磁性4A分子筛的制备及其对氨氮的吸附动力学研究

以高岭土为原料,采用水热法在晶化前加入合成磁铁矿制得Fe₃O₄含量为 4.48%的磁性4A分子筛。通过X 射线粉末衍射分析(XRD)、磁化率分析(MS)及磁回收效果实验对制备的磁性4A分子筛进行物性分析,并将该吸附材料应用于氨氮吸附实验,将吸附实验数据根据相应吸附等温方程进行拟合,随后使用动力学分析手段考查了其吸附过程反应机理。表征结果表明,Fe₃O₄的载入对分子筛的晶体结构影响不大,磁性4A分子筛磁化率稳定,可用来重复使用。该分子筛可以通过磁性分离进行回收,且磁性分离快速高效。吸附实验结果表明磁性4A分子筛容易吸附水中的氨氮,Fe₃O₄的载入对于分子筛本身的吸附容量影响较小。在Langmuir、Freundlich两种等温吸附模型拟合结果中,Freundlich曲线拟合效果更好。Lagergren准二级吸附动力学拟合结果表明,NH⁺₄在磁性4A分子筛上的吸附过程遵循准二级动力学反应机理。

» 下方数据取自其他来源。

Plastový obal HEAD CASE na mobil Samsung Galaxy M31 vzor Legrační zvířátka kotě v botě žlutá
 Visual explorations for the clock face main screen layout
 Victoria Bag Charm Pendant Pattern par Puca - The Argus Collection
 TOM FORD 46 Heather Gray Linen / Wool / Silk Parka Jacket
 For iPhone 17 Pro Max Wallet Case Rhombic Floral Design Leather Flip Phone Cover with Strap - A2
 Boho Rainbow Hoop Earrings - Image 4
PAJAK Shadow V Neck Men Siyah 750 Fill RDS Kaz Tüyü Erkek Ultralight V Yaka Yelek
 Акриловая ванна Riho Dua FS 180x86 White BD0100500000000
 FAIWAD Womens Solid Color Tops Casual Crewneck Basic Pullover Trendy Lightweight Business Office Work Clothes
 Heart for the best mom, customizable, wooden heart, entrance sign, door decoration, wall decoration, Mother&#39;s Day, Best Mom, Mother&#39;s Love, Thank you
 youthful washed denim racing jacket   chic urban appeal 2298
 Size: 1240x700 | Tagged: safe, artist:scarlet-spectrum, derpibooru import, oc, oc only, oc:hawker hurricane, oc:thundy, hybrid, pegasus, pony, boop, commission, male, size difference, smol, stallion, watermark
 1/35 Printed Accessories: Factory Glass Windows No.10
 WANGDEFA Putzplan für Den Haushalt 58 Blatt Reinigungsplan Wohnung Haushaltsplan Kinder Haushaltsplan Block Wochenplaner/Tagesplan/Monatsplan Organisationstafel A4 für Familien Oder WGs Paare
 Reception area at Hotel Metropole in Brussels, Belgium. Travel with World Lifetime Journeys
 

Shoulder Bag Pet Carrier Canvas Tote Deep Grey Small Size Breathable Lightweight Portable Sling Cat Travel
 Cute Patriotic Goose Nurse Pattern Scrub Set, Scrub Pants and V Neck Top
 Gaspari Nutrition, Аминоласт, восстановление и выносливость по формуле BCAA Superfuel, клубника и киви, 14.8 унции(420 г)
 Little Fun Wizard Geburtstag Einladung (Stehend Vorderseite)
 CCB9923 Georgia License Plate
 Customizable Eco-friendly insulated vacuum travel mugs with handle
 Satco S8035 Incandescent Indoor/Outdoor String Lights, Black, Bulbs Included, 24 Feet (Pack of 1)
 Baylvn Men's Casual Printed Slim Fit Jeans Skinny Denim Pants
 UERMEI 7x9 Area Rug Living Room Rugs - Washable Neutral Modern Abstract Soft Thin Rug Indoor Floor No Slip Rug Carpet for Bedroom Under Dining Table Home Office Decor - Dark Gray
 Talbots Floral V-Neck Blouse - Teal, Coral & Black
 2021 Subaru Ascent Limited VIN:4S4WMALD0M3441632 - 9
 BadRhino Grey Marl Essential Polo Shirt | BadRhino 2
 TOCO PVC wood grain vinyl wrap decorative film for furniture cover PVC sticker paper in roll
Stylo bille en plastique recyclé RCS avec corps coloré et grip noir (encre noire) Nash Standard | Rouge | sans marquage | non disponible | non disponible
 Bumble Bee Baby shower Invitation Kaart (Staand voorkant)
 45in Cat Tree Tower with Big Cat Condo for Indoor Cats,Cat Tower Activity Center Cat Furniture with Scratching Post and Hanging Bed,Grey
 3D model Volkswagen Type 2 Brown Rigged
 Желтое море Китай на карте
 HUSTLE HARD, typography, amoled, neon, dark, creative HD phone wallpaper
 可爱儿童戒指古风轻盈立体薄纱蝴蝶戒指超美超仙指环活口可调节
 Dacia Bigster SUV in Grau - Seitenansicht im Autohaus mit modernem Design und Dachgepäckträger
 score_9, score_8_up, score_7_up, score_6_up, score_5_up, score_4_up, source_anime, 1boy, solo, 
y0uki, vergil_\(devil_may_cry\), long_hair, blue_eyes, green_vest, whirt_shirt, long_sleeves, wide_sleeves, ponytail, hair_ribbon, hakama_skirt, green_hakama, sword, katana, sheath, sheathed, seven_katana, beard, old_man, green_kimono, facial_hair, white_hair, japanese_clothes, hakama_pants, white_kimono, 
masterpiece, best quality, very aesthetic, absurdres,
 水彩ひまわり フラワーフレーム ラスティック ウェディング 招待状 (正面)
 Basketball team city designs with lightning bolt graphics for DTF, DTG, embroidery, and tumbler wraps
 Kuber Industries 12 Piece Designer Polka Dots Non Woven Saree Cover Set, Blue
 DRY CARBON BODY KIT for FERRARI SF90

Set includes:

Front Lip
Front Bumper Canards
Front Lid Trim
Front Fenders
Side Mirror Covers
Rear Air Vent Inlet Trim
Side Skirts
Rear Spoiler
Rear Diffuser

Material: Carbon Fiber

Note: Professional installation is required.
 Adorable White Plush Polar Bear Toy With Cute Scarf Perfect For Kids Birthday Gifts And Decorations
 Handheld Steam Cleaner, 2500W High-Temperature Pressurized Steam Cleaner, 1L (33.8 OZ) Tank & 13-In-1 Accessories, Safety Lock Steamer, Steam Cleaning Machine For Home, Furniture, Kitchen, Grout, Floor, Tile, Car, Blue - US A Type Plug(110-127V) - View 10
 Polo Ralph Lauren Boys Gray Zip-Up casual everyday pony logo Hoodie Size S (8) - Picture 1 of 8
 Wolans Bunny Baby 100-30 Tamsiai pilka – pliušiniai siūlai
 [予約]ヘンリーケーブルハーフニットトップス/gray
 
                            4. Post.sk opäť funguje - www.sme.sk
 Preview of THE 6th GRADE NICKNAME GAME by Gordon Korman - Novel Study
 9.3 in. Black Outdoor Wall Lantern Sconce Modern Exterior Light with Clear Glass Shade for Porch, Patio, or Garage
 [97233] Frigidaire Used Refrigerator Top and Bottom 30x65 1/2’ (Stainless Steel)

Adsorption kinetic behavior of magnetic zeolite 4A for ammonia nitrogen

In this paper, magnetic zeolite was synthesized by kaolinite by using the hydrothermal method. Before crystallization the synthesized Fe₃O₄ magnetic fluid was added so as to synthesize the magnetic zeolite 4A in which Fe₃O₄ content came to 4.48%. Then the zeolite was applied in the adsorption experiments for the ammonia nitrogen in the solution. A combination of XRD and magnetic susceptibility analysis was performed in this synthesized magnetic zeolite 4A. Besides, the experimental data were utilized to fit the adsorption isotherm equation and then to perform the kinetic analysis. The results showed that the loading of Fe₃O₄ had little effect on the crystal structure, and magnetic susceptibility of magnetic zeolite 4A was stable enough to be reused. Two isotherm adsorption models were used and the Freundlich isotherm was in better agreement with the adsorption results. Furthermore, the fitting results of Lagergren quasi second-order rate equation showed that the adsorption rate was controlled by the chemical adsorption, and the adsorption of ammonia nitrogen conformed to the quasi second-order dynamics mechanism.